In the listing that follows, the range to quote begins at the line that has "doorway to property featuring brick siding" and ends after the line that has "Aerial view of"; quote it verbatim and add nothing.

Start of RECORDS PROVIDED

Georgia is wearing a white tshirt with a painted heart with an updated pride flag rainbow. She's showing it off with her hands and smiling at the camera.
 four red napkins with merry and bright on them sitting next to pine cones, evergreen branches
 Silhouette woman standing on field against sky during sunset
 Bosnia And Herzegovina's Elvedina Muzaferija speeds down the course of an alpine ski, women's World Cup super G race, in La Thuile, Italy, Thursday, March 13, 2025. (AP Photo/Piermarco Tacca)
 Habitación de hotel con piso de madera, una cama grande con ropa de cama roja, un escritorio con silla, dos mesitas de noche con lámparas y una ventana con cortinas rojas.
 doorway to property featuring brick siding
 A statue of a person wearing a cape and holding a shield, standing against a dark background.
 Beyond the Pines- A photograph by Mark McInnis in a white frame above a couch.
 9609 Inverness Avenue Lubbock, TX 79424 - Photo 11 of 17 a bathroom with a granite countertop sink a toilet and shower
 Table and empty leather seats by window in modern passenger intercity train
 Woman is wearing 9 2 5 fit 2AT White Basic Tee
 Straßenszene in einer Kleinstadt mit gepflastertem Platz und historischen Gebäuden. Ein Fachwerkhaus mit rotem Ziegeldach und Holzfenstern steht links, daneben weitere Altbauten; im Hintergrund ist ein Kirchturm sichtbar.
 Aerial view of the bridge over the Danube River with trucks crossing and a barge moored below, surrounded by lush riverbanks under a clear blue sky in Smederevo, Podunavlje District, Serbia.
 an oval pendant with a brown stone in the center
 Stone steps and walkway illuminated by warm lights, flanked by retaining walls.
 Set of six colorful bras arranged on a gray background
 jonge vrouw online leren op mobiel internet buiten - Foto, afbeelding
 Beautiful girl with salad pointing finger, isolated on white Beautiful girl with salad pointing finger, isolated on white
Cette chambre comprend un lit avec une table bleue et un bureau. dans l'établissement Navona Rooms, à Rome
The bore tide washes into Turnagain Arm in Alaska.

End of RECORDS PROVIDED

» **WRITTEN RESPONSE**
 doorway to property featuring brick siding
 A statue of a person wearing a cape and holding a shield, standing against a dark background.
 Beyond the Pines- A photograph by Mark McInnis in a white frame above a couch.
 9609 Inverness Avenue Lubbock, TX 79424 - Photo 11 of 17 a bathroom with a granite countertop sink a toilet and shower
 Table and empty leather seats by window in modern passenger intercity train
 Woman is wearing 9 2 5 fit 2AT White Basic Tee
 Straßenszene in einer Kleinstadt mit gepflastertem Platz und historischen Gebäuden. Ein Fachwerkhaus mit rotem Ziegeldach und Holzfenstern steht links, daneben weitere Altbauten; im Hintergrund ist ein Kirchturm sichtbar.
 Aerial view of the bridge over the Danube River with trucks crossing and a barge moored below, surrounded by lush riverbanks under a clear blue sky in Smederevo, Podunavlje District, Serbia.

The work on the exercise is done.